> [Task requirements]
Can you quote the records below in full, word for word?

> [Extracted information]
-------

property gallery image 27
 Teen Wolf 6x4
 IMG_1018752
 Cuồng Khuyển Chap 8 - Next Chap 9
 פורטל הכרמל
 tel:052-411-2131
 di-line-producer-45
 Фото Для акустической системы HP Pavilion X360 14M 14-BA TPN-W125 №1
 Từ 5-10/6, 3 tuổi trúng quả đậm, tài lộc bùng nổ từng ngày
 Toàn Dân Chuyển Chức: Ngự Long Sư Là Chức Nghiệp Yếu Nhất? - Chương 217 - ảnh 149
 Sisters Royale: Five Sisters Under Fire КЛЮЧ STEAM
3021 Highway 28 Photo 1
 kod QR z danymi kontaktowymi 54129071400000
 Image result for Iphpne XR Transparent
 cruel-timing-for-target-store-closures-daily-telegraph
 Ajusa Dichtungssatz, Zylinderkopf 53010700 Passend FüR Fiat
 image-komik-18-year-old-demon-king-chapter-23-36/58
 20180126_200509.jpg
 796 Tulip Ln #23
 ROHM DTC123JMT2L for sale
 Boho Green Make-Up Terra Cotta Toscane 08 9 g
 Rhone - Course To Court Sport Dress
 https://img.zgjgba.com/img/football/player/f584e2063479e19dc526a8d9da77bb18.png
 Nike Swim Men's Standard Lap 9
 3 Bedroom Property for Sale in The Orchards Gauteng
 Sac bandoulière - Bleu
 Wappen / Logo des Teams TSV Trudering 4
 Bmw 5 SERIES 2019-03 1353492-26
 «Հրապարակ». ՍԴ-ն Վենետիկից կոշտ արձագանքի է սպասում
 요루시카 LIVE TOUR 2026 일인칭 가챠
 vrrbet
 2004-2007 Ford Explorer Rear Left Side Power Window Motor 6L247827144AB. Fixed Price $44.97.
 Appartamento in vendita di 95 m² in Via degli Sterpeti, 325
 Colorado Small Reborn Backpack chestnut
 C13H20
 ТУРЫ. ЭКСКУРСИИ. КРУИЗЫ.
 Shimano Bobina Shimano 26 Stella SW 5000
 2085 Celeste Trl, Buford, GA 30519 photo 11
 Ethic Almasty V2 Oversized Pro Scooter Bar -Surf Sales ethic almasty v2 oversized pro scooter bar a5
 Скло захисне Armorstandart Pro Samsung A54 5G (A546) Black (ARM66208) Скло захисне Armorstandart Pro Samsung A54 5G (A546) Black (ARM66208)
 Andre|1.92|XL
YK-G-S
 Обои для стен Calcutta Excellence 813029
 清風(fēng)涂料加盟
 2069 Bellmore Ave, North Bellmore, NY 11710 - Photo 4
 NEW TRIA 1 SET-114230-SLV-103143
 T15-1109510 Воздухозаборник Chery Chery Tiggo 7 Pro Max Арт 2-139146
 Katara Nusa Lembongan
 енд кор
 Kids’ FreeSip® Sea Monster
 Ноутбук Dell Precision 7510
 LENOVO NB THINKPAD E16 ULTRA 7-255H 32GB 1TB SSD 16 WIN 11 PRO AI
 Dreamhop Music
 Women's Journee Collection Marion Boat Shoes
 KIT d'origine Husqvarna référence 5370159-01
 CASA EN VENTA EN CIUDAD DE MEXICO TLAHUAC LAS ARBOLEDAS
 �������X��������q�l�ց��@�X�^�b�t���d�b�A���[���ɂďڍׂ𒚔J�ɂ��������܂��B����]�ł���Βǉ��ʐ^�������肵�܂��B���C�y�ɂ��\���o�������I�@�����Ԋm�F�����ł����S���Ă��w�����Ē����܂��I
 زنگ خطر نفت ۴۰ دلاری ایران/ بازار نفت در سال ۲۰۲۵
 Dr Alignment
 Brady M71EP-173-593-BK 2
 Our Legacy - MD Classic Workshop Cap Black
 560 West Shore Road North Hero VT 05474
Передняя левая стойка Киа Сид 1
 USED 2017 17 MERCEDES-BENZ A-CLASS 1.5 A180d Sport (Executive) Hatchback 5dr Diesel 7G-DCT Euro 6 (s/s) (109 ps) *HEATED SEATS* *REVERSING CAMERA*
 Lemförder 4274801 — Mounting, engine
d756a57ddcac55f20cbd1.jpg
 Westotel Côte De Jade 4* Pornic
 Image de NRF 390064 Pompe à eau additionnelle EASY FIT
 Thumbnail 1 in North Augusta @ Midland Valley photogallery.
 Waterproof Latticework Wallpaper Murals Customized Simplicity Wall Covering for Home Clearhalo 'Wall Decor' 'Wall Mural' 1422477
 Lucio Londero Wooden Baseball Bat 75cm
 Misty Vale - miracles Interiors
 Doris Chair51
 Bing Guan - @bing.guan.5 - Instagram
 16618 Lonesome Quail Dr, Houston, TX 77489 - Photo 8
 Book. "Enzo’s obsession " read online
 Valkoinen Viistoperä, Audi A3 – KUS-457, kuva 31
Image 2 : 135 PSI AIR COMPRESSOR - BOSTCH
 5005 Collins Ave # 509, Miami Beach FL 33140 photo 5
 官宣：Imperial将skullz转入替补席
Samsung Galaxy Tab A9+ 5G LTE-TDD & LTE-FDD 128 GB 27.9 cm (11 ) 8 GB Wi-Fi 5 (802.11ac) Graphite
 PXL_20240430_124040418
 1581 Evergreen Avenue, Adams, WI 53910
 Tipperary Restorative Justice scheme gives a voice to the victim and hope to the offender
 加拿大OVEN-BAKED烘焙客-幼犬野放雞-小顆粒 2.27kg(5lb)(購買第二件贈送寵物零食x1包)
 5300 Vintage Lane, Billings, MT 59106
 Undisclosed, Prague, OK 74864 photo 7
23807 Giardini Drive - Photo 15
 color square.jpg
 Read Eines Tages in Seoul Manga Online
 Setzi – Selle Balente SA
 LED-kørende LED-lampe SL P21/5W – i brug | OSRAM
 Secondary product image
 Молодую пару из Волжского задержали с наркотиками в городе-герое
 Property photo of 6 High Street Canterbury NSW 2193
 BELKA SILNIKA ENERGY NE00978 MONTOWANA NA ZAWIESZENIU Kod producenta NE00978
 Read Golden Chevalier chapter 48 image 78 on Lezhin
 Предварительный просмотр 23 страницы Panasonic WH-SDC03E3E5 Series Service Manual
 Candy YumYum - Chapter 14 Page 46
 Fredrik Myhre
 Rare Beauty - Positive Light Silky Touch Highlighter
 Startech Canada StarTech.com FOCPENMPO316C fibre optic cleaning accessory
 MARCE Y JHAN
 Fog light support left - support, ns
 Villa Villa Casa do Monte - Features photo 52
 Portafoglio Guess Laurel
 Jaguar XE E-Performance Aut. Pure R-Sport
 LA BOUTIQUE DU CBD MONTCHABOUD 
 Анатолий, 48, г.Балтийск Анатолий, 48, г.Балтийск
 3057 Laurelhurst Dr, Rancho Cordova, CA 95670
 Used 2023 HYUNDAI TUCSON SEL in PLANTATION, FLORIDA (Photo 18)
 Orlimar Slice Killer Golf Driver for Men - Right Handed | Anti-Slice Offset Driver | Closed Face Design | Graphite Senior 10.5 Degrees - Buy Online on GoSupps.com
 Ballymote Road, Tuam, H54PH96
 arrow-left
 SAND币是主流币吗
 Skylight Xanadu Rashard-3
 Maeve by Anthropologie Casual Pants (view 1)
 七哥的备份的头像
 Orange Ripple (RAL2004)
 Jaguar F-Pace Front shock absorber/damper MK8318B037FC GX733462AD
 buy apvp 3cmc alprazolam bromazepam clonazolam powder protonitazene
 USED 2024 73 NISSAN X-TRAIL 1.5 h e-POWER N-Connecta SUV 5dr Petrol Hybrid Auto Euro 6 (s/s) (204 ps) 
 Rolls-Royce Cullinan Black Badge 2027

-------

> [Your response]
property gallery image 27
 Teen Wolf 6x4
 IMG_1018752
 Cuồng Khuyển Chap 8 - Next Chap 9
 פורטל הכרמל
 tel:052-411-2131
 di-line-producer-45
 Фото Для акустической системы HP Pavilion X360 14M 14-BA TPN-W125 №1
 Từ 5-10/6, 3 tuổi trúng quả đậm, tài lộc bùng nổ từng ngày
 Toàn Dân Chuyển Chức: Ngự Long Sư Là Chức Nghiệp Yếu Nhất? - Chương 217 - ảnh 149
 Sisters Royale: Five Sisters Under Fire КЛЮЧ STEAM
3021 Highway 28 Photo 1
 kod QR z danymi kontaktowymi 54129071400000
 Image result for Iphpne XR Transparent
 cruel-timing-for-target-store-closures-daily-telegraph
 Ajusa Dichtungssatz, Zylinderkopf 53010700 Passend FüR Fiat
 image-komik-18-year-old-demon-king-chapter-23-36/58
 20180126_200509.jpg
 796 Tulip Ln #23
 ROHM DTC123JMT2L for sale
 Boho Green Make-Up Terra Cotta Toscane 08 9 g
 Rhone - Course To Court Sport Dress
 https://img.zgjgba.com/img/football/player/f584e2063479e19dc526a8d9da77bb18.png
 Nike Swim Men's Standard Lap 9
 3 Bedroom Property for Sale in The Orchards Gauteng
 Sac bandoulière - Bleu
 Wappen / Logo des Teams TSV Trudering 4
 Bmw 5 SERIES 2019-03 1353492-26
 «Հրապարակ». ՍԴ-ն Վենետիկից կոշտ արձագանքի է սպասում
 요루시카 LIVE TOUR 2026 일인칭 가챠
 vrrbet
 2004-2007 Ford Explorer Rear Left Side Power Window Motor 6L247827144AB. Fixed Price $44.97.
 Appartamento in vendita di 95 m² in Via degli Sterpeti, 325
 Colorado Small Reborn Backpack chestnut
 C13H20
 ТУРЫ. ЭКСКУРСИИ. КРУИЗЫ.
 Shimano Bobina Shimano 26 Stella SW 5000
 2085 Celeste Trl, Buford, GA 30519 photo 11
 Ethic Almasty V2 Oversized Pro Scooter Bar -Surf Sales ethic almasty v2 oversized pro scooter bar a5
 Скло захисне Armorstandart Pro Samsung A54 5G (A546) Black (ARM66208) Скло захисне Armorstandart Pro Samsung A54 5G (A546) Black (ARM66208)
 Andre|1.92|XL
YK-G-S
 Обои для стен Calcutta Excellence 813029
 清風(fēng)涂料加盟
 2069 Bellmore Ave, North Bellmore, NY 11710 - Photo 4
 NEW TRIA 1 SET-114230-SLV-103143
 T15-1109510 Воздухозаборник Chery Chery Tiggo 7 Pro Max Арт 2-139146
 Katara Nusa Lembongan
 енд кор
 Kids’ FreeSip® Sea Monster
 Ноутбук Dell Precision 7510
 LENOVO NB THINKPAD E16 ULTRA 7-255H 32GB 1TB SSD 16 WIN 11 PRO AI
 Dreamhop Music
 Women's Journee Collection Marion Boat Shoes
 KIT d'origine Husqvarna référence 5370159-01
 CASA EN VENTA EN CIUDAD DE MEXICO TLAHUAC LAS ARBOLEDAS
 �������X��������q�l�ց��@�X�^�b�t���d�b�A���[���ɂďڍׂ𒚔J�ɂ��������܂��B����]�ł���Βǉ��ʐ^�������肵�܂��B���C�y�ɂ��\���o�������I�@�����Ԋm�F�����ł����S���Ă��w�����Ē����܂��I
 زنگ خطر نفت ۴۰ دلاری ایران/ بازار نفت در سال ۲۰۲۵
 Dr Alignment
 Brady M71EP-173-593-BK 2
 Our Legacy - MD Classic Workshop Cap Black
 560 West Shore Road North Hero VT 05474
Передняя левая стойка Киа Сид 1
 USED 2017 17 MERCEDES-BENZ A-CLASS 1.5 A180d Sport (Executive) Hatchback 5dr Diesel 7G-DCT Euro 6 (s/s) (109 ps) *HEATED SEATS* *REVERSING CAMERA*
 Lemförder 4274801 — Mounting, engine
d756a57ddcac55f20cbd1.jpg
 Westotel Côte De Jade 4* Pornic
 Image de NRF 390064 Pompe à eau additionnelle EASY FIT
 Thumbnail 1 in North Augusta @ Midland Valley photogallery.
 Waterproof Latticework Wallpaper Murals Customized Simplicity Wall Covering for Home Clearhalo 'Wall Decor' 'Wall Mural' 1422477
 Lucio Londero Wooden Baseball Bat 75cm
 Misty Vale - miracles Interiors
 Doris Chair51
 Bing Guan - @bing.guan.5 - Instagram
 16618 Lonesome Quail Dr, Houston, TX 77489 - Photo 8
 Book. "Enzo’s obsession " read online
 Valkoinen Viistoperä, Audi A3 – KUS-457, kuva 31
Image 2 : 135 PSI AIR COMPRESSOR - BOSTCH
 5005 Collins Ave # 509, Miami Beach FL 33140 photo 5
 官宣：Imperial将skullz转入替补席
Samsung Galaxy Tab A9+ 5G LTE-TDD & LTE-FDD 128 GB 27.9 cm (11 ) 8 GB Wi-Fi 5 (802.11ac) Graphite
 PXL_20240430_124040418
 1581 Evergreen Avenue, Adams, WI 53910
 Tipperary Restorative Justice scheme gives a voice to the victim and hope to the offender
 加拿大OVEN-BAKED烘焙客-幼犬野放雞-小顆粒 2.27kg(5lb)(購買第二件贈送寵物零食x1包)
 5300 Vintage Lane, Billings, MT 59106
 Undisclosed, Prague, OK 74864 photo 7
23807 Giardini Drive - Photo 15
 color square.jpg
 Read Eines Tages in Seoul Manga Online
 Setzi – Selle Balente SA
 LED-kørende LED-lampe SL P21/5W – i brug | OSRAM
 Secondary product image
 Молодую пару из Волжского задержали с наркотиками в городе-герое
 Property photo of 6 High Street Canterbury NSW 2193
 BELKA SILNIKA ENERGY NE00978 MONTOWANA NA ZAWIESZENIU Kod producenta NE00978
 Read Golden Chevalier chapter 48 image 78 on Lezhin
 Предварительный просмотр 23 страницы Panasonic WH-SDC03E3E5 Series Service Manual
 Candy YumYum - Chapter 14 Page 46
 Fredrik Myhre
 Rare Beauty - Positive Light Silky Touch Highlighter
 Startech Canada StarTech.com FOCPENMPO316C fibre optic cleaning accessory
 MARCE Y JHAN
 Fog light support left - support, ns
 Villa Villa Casa do Monte - Features photo 52
 Portafoglio Guess Laurel
 Jaguar XE E-Performance Aut. Pure R-Sport
 LA BOUTIQUE DU CBD MONTCHABOUD 
 Анатолий, 48, г.Балтийск Анатолий, 48, г.Балтийск
 3057 Laurelhurst Dr, Rancho Cordova, CA 95670
 Used 2023 HYUNDAI TUCSON SEL in PLANTATION, FLORIDA (Photo 18)
 Orlimar Slice Killer Golf Driver for Men - Right Handed | Anti-Slice Offset Driver | Closed Face Design | Graphite Senior 10.5 Degrees - Buy Online on GoSupps.com
 Ballymote Road, Tuam, H54PH96
 arrow-left
 SAND币是主流币吗
 Skylight Xanadu Rashard-3
 Maeve by Anthropologie Casual Pants (view 1)
 七哥的备份的头像
 Orange Ripple (RAL2004)
 Jaguar F-Pace Front shock absorber/damper MK8318B037FC GX733462AD
 buy apvp 3cmc alprazolam bromazepam clonazolam powder protonitazene
 USED 2024 73 NISSAN X-TRAIL 1.5 h e-POWER N-Connecta SUV 5dr Petrol Hybrid Auto Euro 6 (s/s) (204 ps) 
 Rolls-Royce Cullinan Black Badge 2027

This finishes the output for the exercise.